_Task to complete_. Below is a listing; restate from it, character for character, the lines beginning at the line holding "Thong Picture" and ending at the line holding "The Reborn Young", both included.

_Data_.
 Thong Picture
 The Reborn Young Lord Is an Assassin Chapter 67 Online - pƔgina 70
* * *
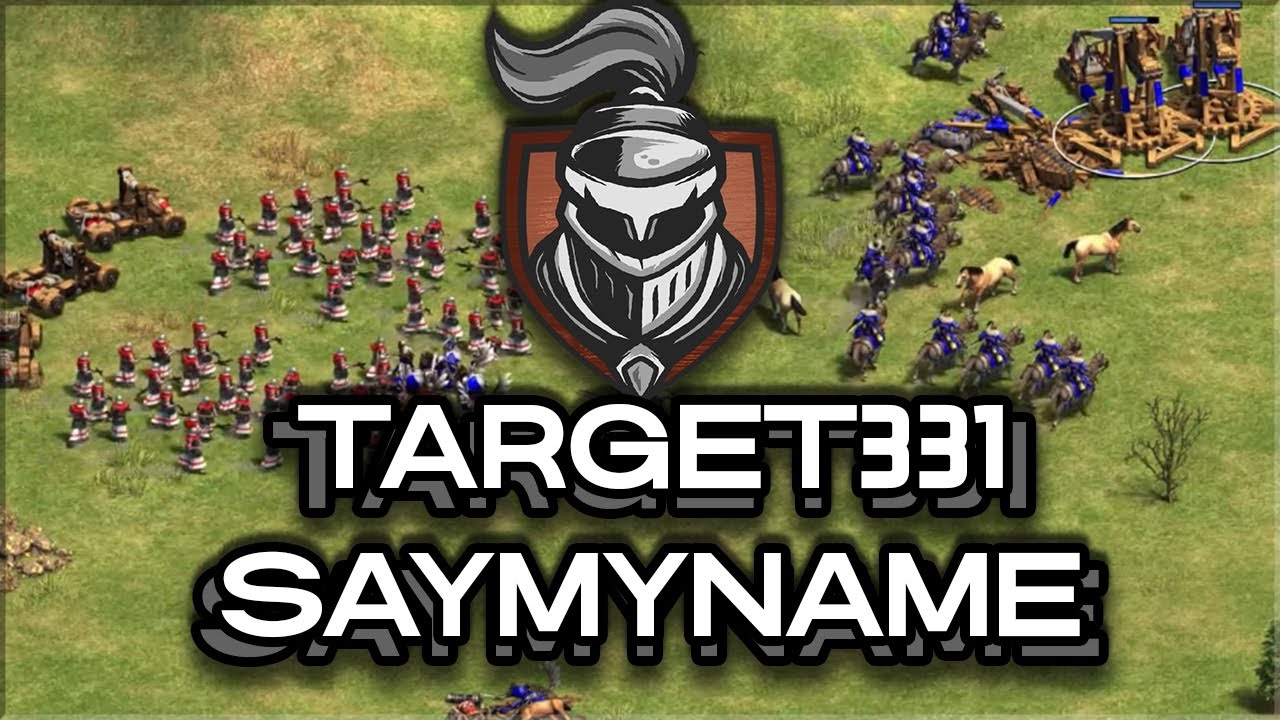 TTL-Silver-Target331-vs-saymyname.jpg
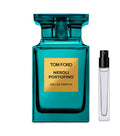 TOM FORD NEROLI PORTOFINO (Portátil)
* * *
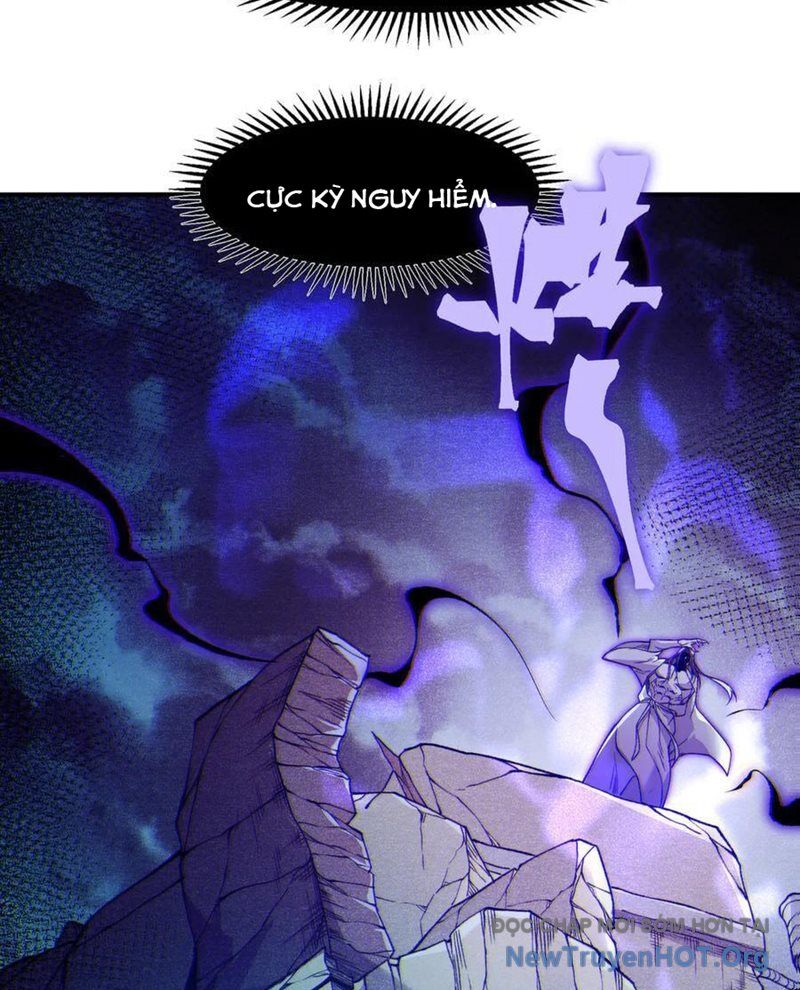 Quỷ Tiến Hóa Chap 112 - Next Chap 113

_Expected answer_.
 Thong Picture
 The Reborn Young Lord Is an Assassin Chapter 67 Online - pƔgina 70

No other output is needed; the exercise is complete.